Example 1: Our first example is the examination of a model for classifying images of airplanes, in a military context. The data consists of satellite images of various airplanes or groups of airplanes, and the purpose is to classify them as belonging to certain categories. The image on the lower left shows a graph model of the data set of images on which the model is operating. The nodes are colored from yellow to blue, with dark blue indicating a high rate of misclassification. You can see a group on the left which is circled, and which is dark blue. On the right you see a few samples from the corresponding group of images. It is then relatively easy to see that these are actually large military transports, which have been misclassified as civilian aircraft. The topological model (the graph) is very useful because it allows you to understand groups of failures which share a lot of characteristics.
Example 1
Example 2: Large Language Models are notoriously difficult to understand. Mechanistic interpretability is a rapidly developing subfield of artificial intelligence, focused on developing a deep understanding of how these models work internally. Topological modeling has a lot to offer to this area of research. One of the directions of research is the construction of interpretable features from the internal layers of LLMs, using a deep learning method called Sparse Autoencoders, or SAEs. SAEs have been trained by OpenAI for GPT2-small, and by Google for Gemma 2. Another recently developed approach is Cross Layer Transcoders, or CLTs, which are an improvement over SAEs for fine-grained model circuit analysis. For example, here.
Example 2
Above you see two topological models of the SAE features from GPT-2. What the topological methods do is highlight natural groups of features, which can then be interpreted using appropriate automatically generated summaries of them. We described this investigation in this earlier blog post. The graph model gives a good way to navigate the space of features for better interpretation of groups of features. We tend to see that groups of features exhibit more stability in their interpretation than individual features. See our post for more general aspects of this philosophy. There is also a Colab notebook which you can use to explore these spaces.

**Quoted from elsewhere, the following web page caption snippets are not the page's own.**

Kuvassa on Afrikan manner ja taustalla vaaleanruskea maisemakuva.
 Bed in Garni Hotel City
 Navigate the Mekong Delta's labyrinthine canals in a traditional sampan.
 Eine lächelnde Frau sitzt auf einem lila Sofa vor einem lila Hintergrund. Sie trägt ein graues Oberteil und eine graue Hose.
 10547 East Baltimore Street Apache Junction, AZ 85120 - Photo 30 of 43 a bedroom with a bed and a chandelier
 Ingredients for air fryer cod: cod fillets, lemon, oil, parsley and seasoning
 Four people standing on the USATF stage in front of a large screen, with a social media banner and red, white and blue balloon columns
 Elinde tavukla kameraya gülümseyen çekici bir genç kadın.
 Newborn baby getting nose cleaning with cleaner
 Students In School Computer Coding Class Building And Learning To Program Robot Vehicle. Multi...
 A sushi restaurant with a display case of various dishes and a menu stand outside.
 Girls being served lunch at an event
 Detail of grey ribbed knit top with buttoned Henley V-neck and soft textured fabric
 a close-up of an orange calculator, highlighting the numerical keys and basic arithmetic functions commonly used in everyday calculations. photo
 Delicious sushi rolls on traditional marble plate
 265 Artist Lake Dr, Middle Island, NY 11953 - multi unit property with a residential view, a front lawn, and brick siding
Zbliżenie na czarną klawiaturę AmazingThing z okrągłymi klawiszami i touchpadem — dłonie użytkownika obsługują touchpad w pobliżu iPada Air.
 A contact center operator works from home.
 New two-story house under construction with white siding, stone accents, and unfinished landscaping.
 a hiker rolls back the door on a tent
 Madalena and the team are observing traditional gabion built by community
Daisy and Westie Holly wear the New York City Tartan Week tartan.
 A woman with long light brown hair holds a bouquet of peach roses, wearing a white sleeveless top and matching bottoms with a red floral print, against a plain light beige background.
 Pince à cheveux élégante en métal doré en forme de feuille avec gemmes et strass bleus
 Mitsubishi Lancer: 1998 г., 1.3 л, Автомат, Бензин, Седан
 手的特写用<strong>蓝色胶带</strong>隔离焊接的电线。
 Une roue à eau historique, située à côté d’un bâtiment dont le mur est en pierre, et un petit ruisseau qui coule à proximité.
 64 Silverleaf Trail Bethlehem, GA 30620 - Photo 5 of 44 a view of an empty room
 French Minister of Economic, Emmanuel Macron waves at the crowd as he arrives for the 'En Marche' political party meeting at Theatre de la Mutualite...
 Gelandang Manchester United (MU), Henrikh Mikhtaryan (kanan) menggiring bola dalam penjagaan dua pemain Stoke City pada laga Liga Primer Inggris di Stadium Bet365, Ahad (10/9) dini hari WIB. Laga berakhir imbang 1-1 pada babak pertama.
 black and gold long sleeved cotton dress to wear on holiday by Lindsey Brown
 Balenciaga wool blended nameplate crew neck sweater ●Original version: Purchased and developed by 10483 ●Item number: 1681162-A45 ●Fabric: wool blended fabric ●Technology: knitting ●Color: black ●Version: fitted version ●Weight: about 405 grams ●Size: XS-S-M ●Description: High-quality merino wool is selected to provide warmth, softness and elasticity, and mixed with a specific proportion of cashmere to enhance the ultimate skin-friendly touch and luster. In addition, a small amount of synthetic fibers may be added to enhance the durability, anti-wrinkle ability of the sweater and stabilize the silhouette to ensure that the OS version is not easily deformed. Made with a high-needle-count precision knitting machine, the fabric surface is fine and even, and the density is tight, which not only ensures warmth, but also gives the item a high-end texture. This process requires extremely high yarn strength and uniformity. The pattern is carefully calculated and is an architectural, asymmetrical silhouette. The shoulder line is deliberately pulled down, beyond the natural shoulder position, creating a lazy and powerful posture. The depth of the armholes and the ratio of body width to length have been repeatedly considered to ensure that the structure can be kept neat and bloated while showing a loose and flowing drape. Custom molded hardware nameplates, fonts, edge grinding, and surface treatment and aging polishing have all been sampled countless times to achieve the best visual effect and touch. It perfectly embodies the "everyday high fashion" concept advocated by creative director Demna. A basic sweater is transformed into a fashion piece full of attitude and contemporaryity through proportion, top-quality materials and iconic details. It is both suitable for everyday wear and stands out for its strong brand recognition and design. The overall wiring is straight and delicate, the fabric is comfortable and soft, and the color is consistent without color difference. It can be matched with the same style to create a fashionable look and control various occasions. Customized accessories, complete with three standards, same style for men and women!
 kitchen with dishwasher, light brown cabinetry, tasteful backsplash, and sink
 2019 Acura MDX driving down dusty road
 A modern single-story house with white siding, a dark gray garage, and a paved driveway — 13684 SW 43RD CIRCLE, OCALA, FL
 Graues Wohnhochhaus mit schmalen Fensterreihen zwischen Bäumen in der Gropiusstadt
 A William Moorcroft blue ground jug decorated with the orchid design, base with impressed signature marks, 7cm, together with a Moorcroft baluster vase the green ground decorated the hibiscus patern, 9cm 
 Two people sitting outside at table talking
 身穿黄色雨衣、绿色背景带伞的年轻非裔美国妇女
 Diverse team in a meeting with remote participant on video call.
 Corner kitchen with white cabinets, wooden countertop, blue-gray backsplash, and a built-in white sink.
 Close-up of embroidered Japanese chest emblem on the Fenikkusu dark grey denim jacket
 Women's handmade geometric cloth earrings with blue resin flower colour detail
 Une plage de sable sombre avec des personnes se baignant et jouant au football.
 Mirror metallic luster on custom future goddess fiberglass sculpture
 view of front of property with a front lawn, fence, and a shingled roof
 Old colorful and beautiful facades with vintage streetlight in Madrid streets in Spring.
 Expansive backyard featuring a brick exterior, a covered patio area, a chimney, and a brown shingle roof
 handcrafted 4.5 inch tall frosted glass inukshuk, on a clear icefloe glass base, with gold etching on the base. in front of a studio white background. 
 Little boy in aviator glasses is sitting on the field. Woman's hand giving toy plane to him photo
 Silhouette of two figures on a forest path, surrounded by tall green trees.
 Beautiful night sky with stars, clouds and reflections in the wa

Example: For LLM evaluation, one certainly has the various metrics computed on the Hugging Face leaderboard. The models are ranked by an average of these metrics. It turns out, though, that different metrics may disagree on the rankings. For example, model A may score higher on IFEval than model B, while model B scores higher on BBH. This kind of disagreement points out that while an average rating is useful for establishing a leaderboard, it is important to analyze the individual scores, not just the aggregate, when making decisions on choice of model. This is particularly true since the methodologies for the individual scores may be trying to measure different things. What might be more surprising is that even for individual benchmarks, the analysis of input data and performance of models may show that model A scores higher than model B on an interesting subset of the data, even though B scores higher overall. For example, model A may perform better on MMLU overall than model B, but Model B could still perform better on questions that require quantitative reasoning. This is important information to know, since it could lead to different decisions on model choice or influence design decisions. This phenomenon was demonstrated in the context of retrieval models in our Webinar with Zilliz. What this points out is that overall metrics can often be misleading, and that it is important to understand the variation of the metric across different groups of the input data. For this reason it is important to have ways of modeling the input data which surfaces different meaningful groups, as one can by using TDA methods.